AWS Certified Machine Learning - Specialty Exam: K-Means Hyperparameter for Scoring and Available Metric Options

K-Means Hyperparameter for Scoring and Available Metric Options

Question

You work in the machine learning department of a major retail company.

Your team is working on a model to classify customers by purchase history.

Your marketing department wants to use the results of your model predictions to determine which customers should receive a new campaign offer.

You have selected your observations and cleaned your data.

You have also split your data into training and evaluation datasets.

You are now training your k-means model in Amazon SageMaker, and you are trying to select the model hyperparameters that give your marketing team the best predictions. You have set the feature_dim hyperparameter to equal the number of features in your input data.

You have set the k hyperparameter to 10

The number of clusters you estimate is appropriate for your model.

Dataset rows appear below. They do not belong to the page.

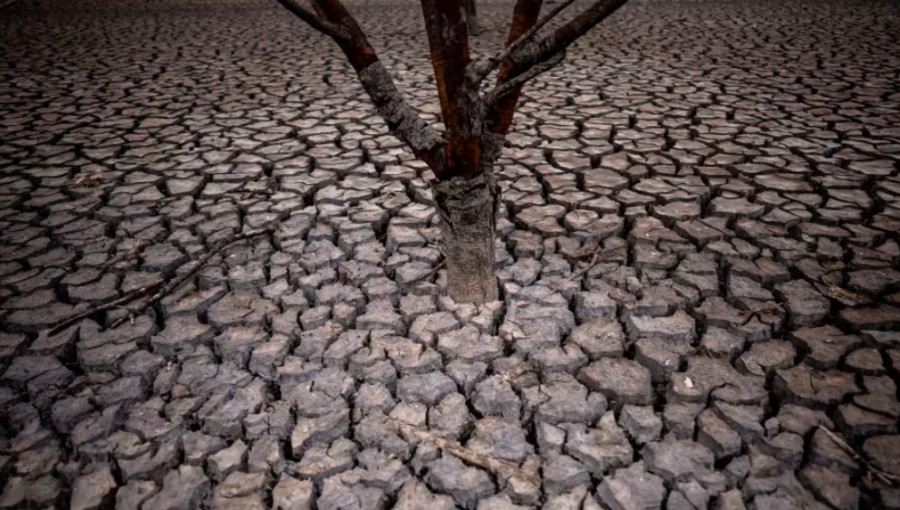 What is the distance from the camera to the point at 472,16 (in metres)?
5.86

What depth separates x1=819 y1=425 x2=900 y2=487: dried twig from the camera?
116 cm

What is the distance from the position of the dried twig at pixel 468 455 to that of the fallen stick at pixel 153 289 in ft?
3.29

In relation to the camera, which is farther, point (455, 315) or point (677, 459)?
point (455, 315)

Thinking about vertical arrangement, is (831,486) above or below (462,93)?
below

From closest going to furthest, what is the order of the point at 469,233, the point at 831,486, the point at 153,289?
the point at 831,486 < the point at 469,233 < the point at 153,289

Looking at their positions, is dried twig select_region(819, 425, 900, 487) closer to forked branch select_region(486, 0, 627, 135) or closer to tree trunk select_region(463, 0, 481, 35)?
forked branch select_region(486, 0, 627, 135)

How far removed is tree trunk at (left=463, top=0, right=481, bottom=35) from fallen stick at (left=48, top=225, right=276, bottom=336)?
13.7ft

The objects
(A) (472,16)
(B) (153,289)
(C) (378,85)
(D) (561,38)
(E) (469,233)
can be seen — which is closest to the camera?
(D) (561,38)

You have set the epochs hyperparameter to 1 so that the model performs one pass over your data. You need to report a score for your model.

Which k-means hyperparameter allows you to select the metric types to report this scoring, and what are the available metric options?

Answers

Explanations

Click on the arrows to vote for the correct answer

A. B. C. D.

Answer: D.

Option A is incorrect.

The hyperparameter you chose to report a score for your model is the eval_metrics hyperparameter.

The eval_metrics hyperparameter has the allowed values of msd for Mean Square Error, ssd for Sum of Square Distance, and the option of both msd and ssd.

The extra_center_factor is used to control the number of clusters.

Option B is incorrect.

The hyperparameter you chose to report a score for your model is the eval_metrics hyperparameter.

The eval_metrics hyperparameter has the allowed values of msd for Mean Square Error, ssd for Sum of Square Distance, and the option of both msd and ssd.

The Amazon SageMaker k-means algorithm does not have a score_metrics hyperparameter.

Option C is incorrect.

The hyperparameter you chose to report a score for your model is the eval_metrics hyperparameter.

The eval_metrics hyperparameter has the allowed values of msd for Mean Square Error, ssd for Sum of Square Distance, and the option of both msd and ssd.

The Amazon SageMaker k-means algorithm does not have an eval_method hyperparameter.

Option D is correct.

The hyperparameter you chose to report a score for your model is the eval_metrics hyperparameter.

The eval_metrics hyperparameter has the allowed values of msd for Mean Square Error, ssd for Sum of Square Distance, and the option of both msd and ssd.

Reference:

Please see the Amazon SageMaker developer guide titled K-Means Hyperparameters.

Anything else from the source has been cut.